TRY IT | In this exercise, set down every entry that follows exactly as it appears.

RECORDED DATA |
____________________

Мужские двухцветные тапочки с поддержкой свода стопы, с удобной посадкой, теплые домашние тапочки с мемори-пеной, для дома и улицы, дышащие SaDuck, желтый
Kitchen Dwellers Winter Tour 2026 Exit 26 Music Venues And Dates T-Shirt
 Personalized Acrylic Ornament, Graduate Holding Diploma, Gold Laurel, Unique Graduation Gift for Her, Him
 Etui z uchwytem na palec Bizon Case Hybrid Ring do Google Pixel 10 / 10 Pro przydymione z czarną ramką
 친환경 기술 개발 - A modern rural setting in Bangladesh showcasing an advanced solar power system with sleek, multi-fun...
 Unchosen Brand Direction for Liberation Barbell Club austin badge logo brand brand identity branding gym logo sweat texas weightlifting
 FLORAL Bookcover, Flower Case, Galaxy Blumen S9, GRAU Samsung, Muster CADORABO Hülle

____________________

ANSWER SPACE |
Мужские двухцветные тапочки с поддержкой свода стопы, с удобной посадкой, теплые домашние тапочки с мемори-пеной, для дома и улицы, дышащие SaDuck, желтый
Kitchen Dwellers Winter Tour 2026 Exit 26 Music Venues And Dates T-Shirt
 Personalized Acrylic Ornament, Graduate Holding Diploma, Gold Laurel, Unique Graduation Gift for Her, Him
 Etui z uchwytem na palec Bizon Case Hybrid Ring do Google Pixel 10 / 10 Pro przydymione z czarną ramką
 친환경 기술 개발 - A modern rural setting in Bangladesh showcasing an advanced solar power system with sleek, multi-fun...
 Unchosen Brand Direction for Liberation Barbell Club austin badge logo brand brand identity branding gym logo sweat texas weightlifting
 FLORAL Bookcover, Flower Case, Galaxy Blumen S9, GRAU Samsung, Muster CADORABO Hülle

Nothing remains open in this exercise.